Connect with us

Nasional

Mobil Tertemper KRL di Karet Jakpus, KAI Pastikan Tidak Ada Korban Jiwa

Published

on

Kereta api jarak jauh KAI melintas di stasiun dengan lokomotif putih-kuning berlogo KAI dan rangkaian gerbong stainless steel

Semarang (usmnews) – Peristiwa kecelakaan lalu lintas yang melibatkan moda transportasi massal kereta api kembali menggemparkan publik ibukota. Insiden insidental Mobil Tertemper KRL di Karet Jakpus terjadi pada Senin malam, 24 Agustus 2026, di perlintasan sebidang JPL 1 kawasan Karet, Tanah Abang, Jakarta Pusat. Kejadian mengerikan tersebut langsung menjadi sorotan hangat masyarakat setempat serta para pengguna jalan yang tengah melintas di area tersebut.

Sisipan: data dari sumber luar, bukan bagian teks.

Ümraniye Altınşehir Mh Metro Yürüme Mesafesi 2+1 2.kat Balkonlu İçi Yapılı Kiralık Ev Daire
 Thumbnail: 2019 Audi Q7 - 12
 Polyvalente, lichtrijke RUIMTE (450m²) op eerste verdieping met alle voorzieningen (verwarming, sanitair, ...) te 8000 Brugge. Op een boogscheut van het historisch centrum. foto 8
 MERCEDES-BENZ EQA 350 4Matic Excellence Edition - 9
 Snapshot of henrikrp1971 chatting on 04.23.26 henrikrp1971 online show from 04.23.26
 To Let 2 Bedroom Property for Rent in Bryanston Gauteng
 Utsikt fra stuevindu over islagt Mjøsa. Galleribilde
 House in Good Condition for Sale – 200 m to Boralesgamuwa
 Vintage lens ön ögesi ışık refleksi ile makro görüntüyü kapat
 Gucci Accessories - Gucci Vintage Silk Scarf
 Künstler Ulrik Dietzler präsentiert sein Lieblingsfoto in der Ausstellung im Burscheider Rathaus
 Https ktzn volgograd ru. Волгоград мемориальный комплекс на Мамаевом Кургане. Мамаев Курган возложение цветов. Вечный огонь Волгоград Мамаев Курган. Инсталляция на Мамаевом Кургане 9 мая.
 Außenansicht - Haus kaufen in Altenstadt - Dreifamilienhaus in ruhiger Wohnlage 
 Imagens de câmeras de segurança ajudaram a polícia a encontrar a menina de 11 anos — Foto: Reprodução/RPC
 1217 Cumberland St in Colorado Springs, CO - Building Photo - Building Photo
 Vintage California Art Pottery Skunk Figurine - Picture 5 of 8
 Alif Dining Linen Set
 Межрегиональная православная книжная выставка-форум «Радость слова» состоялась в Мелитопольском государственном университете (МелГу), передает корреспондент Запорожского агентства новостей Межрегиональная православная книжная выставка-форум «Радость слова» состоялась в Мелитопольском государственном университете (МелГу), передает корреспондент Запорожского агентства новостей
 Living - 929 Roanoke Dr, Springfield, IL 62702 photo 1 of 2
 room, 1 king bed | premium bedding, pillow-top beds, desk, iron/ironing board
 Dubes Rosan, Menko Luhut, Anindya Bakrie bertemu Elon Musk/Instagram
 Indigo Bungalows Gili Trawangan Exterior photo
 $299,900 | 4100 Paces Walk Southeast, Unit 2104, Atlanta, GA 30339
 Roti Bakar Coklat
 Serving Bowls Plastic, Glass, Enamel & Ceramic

Benturan keras antara rangkaian kereta api listrik dan sebuah kendaraan roda empat ini sempat menimbulkan kepanikan luar biasa di lokasi kejadian karena kekhawatiran akan timbulnya jatuhnya korban jiwa dalam skala besar.

Berdasarkan kronologi kejadian yang dihimpun dari pihak kepolisian dan saksi mata di lokasi, kecelakaan tersebut melibatkan satu unit kendaraan taksi listrik berwarna hijau dengan nomor lambung Green SM dan rangkaian KRL Commuter Line Nomor 5744B yang sedang melayani relasi Manggarai menuju Angke. Saksi di perlintasan menyebutkan bahwa sebelum tabrakan terjadi, palang pintu perlintasan sebidang sebenarnya sudah mulai ditutup dan sinyal peringatan bahaya telah berbunyi. Namun, armada taksi yang melaju dari arah utara menuju selatan di Jalan KH Mas Mansyur diduga terlanjur melewati batas palang pintu saat KRL melaju kencang dari Stasiun Tanah Abang menuju Stasiun Karet.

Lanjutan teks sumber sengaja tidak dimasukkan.